Para peneliti merancang program komputer untuk memanipulasi mekanisme pertahanan alami tanaman dengan "mengajari" reseptornya menanggapi unsur kimia bahan peledak serta polutan udara dan polutan air.

Reseptor komputer yang didesain ulang tersebut dimodifikasi supaya berfungsi dalam dinding sel tanaman sehingga mereka bisa mengenali polutan-polutan atau bahan peledak dalam udara atau tanah di dekatnya.

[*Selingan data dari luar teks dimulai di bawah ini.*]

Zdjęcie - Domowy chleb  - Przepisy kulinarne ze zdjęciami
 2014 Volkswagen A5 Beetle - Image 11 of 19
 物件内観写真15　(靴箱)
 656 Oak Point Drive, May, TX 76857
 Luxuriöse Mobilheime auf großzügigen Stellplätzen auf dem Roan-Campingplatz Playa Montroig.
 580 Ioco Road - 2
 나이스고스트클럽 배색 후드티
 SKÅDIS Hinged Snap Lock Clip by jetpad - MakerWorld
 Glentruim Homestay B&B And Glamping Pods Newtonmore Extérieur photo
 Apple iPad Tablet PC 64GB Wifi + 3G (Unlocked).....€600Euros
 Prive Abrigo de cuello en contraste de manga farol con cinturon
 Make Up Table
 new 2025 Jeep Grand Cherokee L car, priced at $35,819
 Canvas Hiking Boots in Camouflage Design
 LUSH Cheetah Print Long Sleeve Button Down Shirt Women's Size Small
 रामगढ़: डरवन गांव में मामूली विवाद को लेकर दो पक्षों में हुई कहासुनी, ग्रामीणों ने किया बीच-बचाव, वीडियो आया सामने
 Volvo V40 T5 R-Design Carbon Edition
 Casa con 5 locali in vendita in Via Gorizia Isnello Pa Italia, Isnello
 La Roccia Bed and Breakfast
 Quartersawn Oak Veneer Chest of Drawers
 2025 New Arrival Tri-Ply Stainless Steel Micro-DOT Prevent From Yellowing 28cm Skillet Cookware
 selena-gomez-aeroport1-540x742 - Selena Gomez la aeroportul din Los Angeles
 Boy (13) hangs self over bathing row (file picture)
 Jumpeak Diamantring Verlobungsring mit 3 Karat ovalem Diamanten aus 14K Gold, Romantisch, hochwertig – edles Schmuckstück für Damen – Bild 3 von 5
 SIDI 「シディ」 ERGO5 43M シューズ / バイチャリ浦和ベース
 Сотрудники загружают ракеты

Tanaman itu mendeteksi senyawa dan mengaktifkan sinyal internal yang menyebabkan hilangnya warna hijau dan mengubahnya menjadi dedaunan putih.

"Ide untuk membuat tanaman detektor datang secara langsung dari alam. Kami sudah 'mengajari' tanaman bagaimana mendeteksi hal-hal yang membuat kita tertarik dan merespon dalam cara yang bisa dilihat siapa saja, untuk mengatakan pada kita ada sesuatu yang buruk di sekitar lokasi," kata profesor Medford.

Dia mengatakan kemampuan mendeteksi dari tanaman ini serupa bahkan lebih baik daripada anjing.

Sifat deteksi itu bisa digunakan untuk tanaman apapun dan bisa mendeteksi beberapa polutan sekaligus.

Profesor Medford dan timnya belum lama ini menerima hibah tiga tahun senilai 7.9 juta dolar dari U.S. Defense Threat Reduction Agency untuk membawa penemuan mereka ke "dunia nyata."

Penelitian itu muncul dalam jurnal PLoS ONE.